* What you need to do:
From the listing below, copy only the lines from the line that contains "Klocki mini promocja w TOPAZ" to the line that contains "CD-Wandregal Weiss 100x18x18", counting those two lines as part of the copy.

* Input for this task:
"""

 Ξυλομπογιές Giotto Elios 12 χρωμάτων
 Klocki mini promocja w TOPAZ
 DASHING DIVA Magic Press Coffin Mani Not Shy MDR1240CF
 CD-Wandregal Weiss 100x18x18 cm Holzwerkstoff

"""
"""

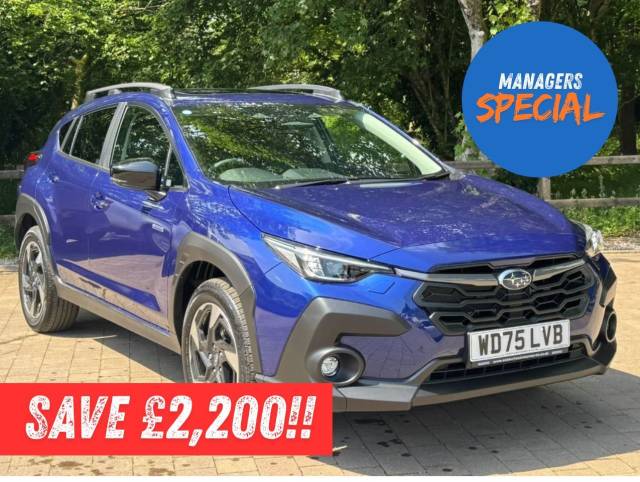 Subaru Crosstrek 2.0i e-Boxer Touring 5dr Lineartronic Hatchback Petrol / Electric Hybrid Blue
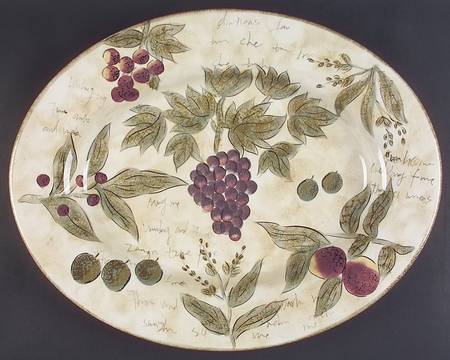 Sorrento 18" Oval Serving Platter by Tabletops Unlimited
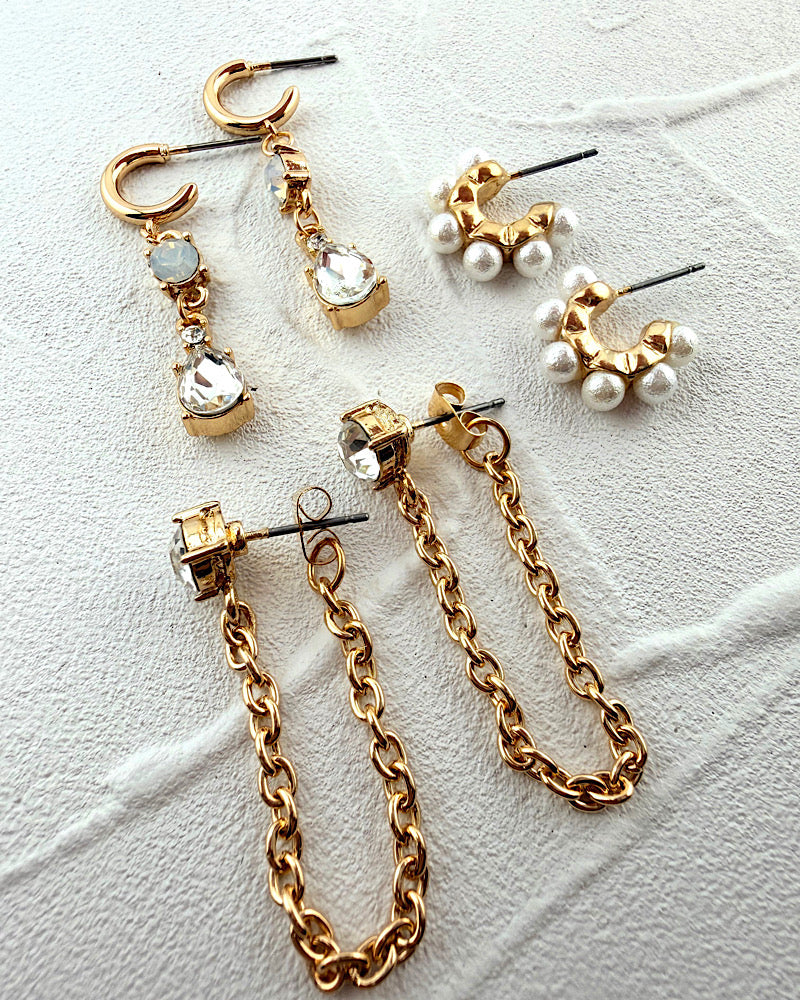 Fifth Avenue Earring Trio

"""
"""

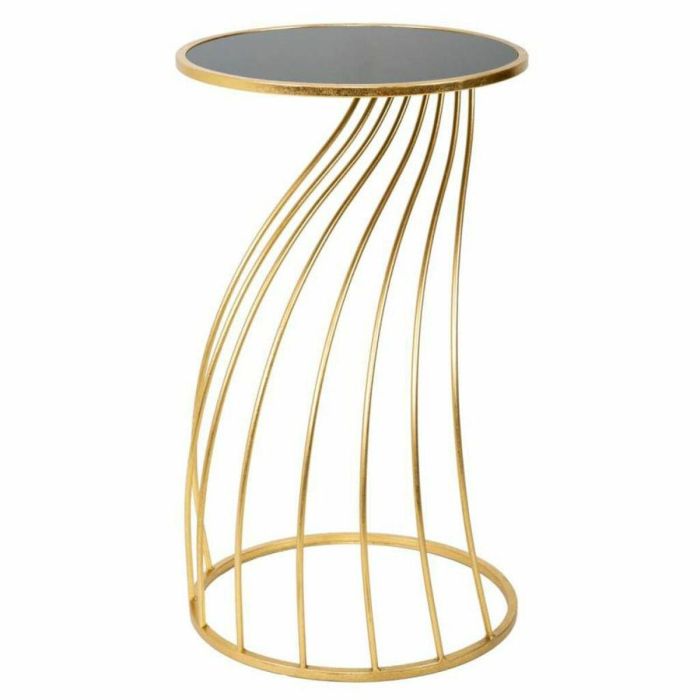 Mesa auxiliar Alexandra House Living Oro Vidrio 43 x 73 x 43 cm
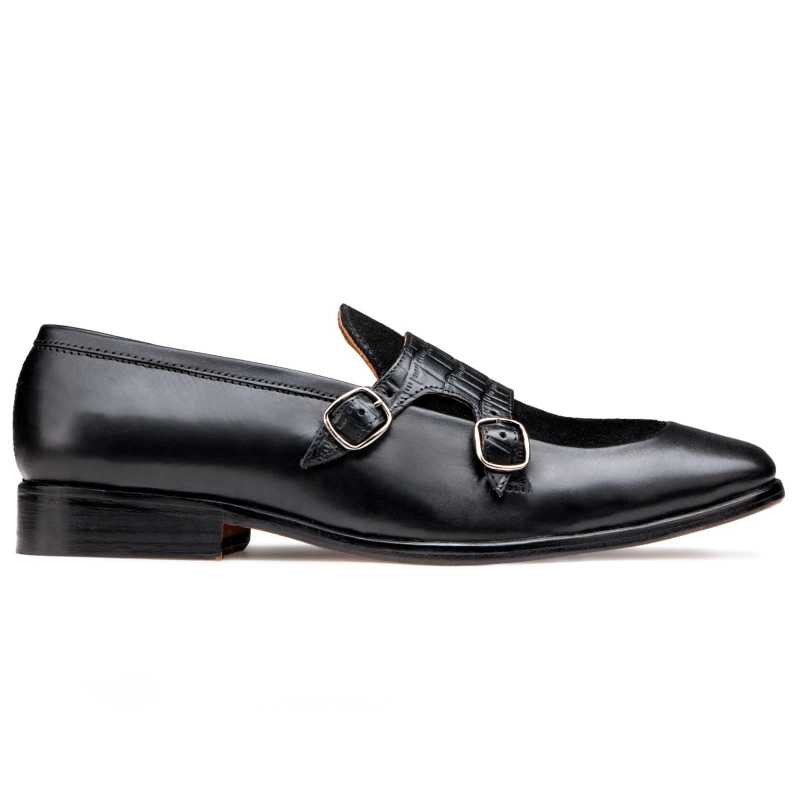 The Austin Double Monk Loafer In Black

"""

* Result for this exercise:
 Klocki mini promocja w TOPAZ
 DASHING DIVA Magic Press Coffin Mani Not Shy MDR1240CF
 CD-Wandregal Weiss 100x18x18 cm Holzwerkstoff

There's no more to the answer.